DETROIT (Reuters) - For the fifth straight year, Toyota Motor Corp (7203.T) and Honda Motor Co (7267.T) topped a study of automakers with U.S. plants in supplier relations, helping them get the best parts at the lowest cost.
Toyota was the tops in supplier relations, followed closely by Honda. Ford Motor Co (F.N) was a distant third, followed by Nissan Motor Co (7201.T). General Motors Co (GM.N) and Fiat Chrysler Automobiles NV (FCHA.MI) were tied for last place.
Those six are the largest automakers in the U.S. auto sales market and have the largest U.S. auto industry production footprints.
Lagging relations with suppliers means less profit, said the study’s author, John Henke, president of Planning Perspectives and a marketing professor at Oakland University near Detroit.
Toyota and Honda improved their scores by an average of 8.7 percent over the year, the study showed.
If the other four had improved their relations by as much they collectively would have added $2 billion in 2014 operating profit, Henke said.
GM would have earned another $750 million last year had its supplier relations improved 8.7 percent, the study found.

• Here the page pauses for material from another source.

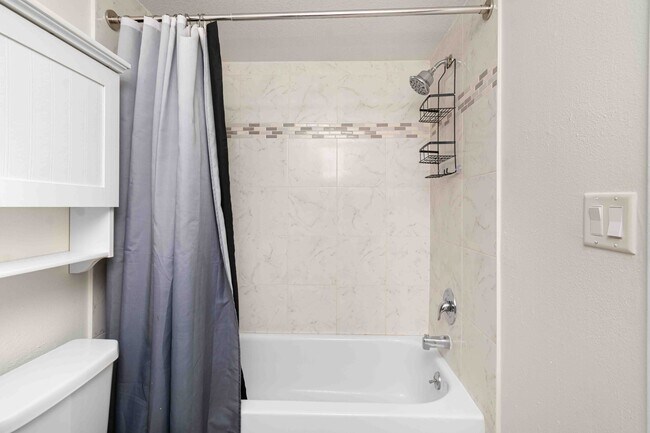 Building Photo - 1750 Belleair Forest Dr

Suppliers have become more discerning about which companies they serve, said Henke, who has produced a study of relations of automakers and their Tier 1 suppliers for 15 years. A supplier will show its best new technology to the automaker that treats them best, he said.
Gone are the days when parts suppliers would build plants in order to take as much automaker business as they could get.
Suppliers “are not willing to put in the infrastructure to support all the business they could possibly get today because they don’t know what’s going to happen tomorrow,” said Henke.
The 2008-2009 recession “spooked” suppliers away from investing for work that has not been contracted yet, and the best of them became highly efficient, Henke said.